S.J.W. raped a developmentally disabled boy, 14 years old. At trial, S.J.W.’s attorneys challenged the competency of the victim as a witness. The trial court held that the burden was on S.J.W. to show that the witness was not competent. The court of appeals held that the burden was on the party offering the witness to show the witness was competent, not the other way around, but that the error was harmless.
Let me just pause right there to state why the court of appeals holding would be unruly. Every witness in a criminal trial offered by the State would have to go through a litany of questions as to their competency when the same wouldn’t really be in question. It makes sense that the burden is on the person challenging competency to prove incompetency. Anything else would be just plain silly.
The supreme court agreed with me of course.
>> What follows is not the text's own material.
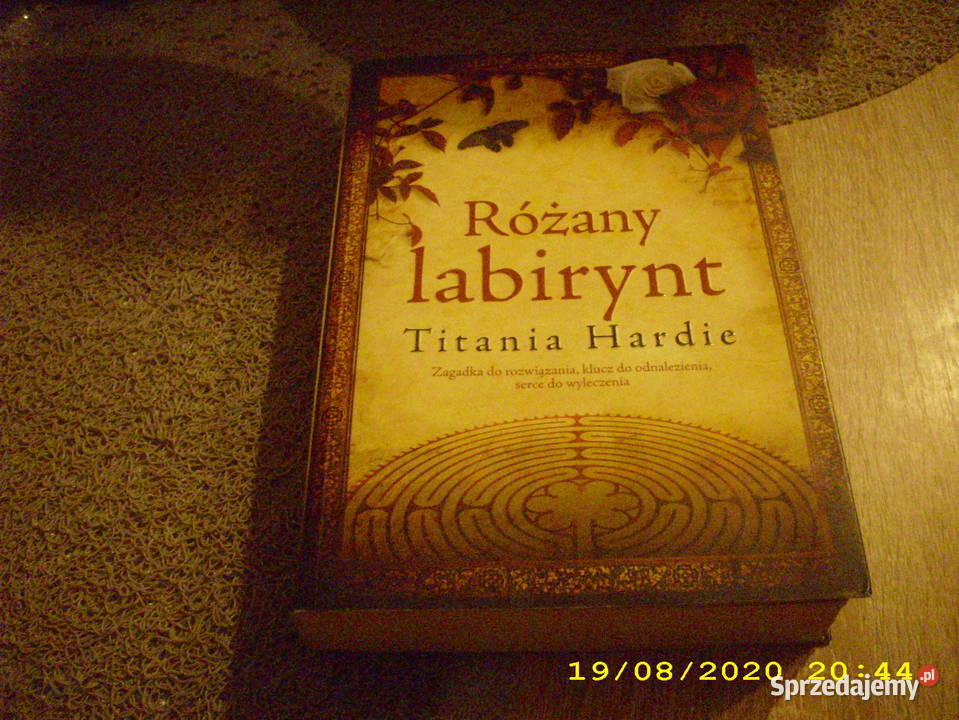 Różany labirynt Hardie k Proza i poezja Gdańsk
Its because I’m wise and incredibly handsome:
We may better frame this issue as whether a trial court should presume a child is competent or incompetent to testify. If a trial court should presume a child witness is competent, then the party challenging the child’s competency has a burden to rebut that presumption by establishing that the child is not competent to testify. Conversely, if a trial court should presume a child witness is incompetent, then the party offering the child witness has a burden to rebut that presumption by establishing that the child is competent to testify. As noted, the trial court here started with the presumption that 14-year-old children are competent to testify. The Court of Appeals would have trial courts presume that all children are incompetent to testify.
. . .
Because RCW 5.60.050 no longer makes any reference to age, the default rule for all witnesses should apply, i.e., that every person is presumed competent to testify. See RCW 5.60.020 (“Every person of sound mind and discretion . . . may be a witness in any action, or proceeding”); ER 601 (“Every person is competent to be a witness except as otherwise provided by statute or by court rule.”); see also State v. Smith, 97 Wn.2d 801, 803, 650 P.2d 201 (1982) (“Where there has been no such [adjudication of insanity], the burden is on the party opposing the witness to prove incompetence.”). Requiring a trial court to presume a witness is incompetent based solely on his age would be inconsistent with the current statutory scheme that gives no weight to the witness’s age. A six-year-old child (as in Allen) may be more competent to testify than an adult in a given case; no court should presume a child is incompetent to testify based upon age alone. Rather, we hold that courts should presume all witnesses are competent to testify regardless of their age.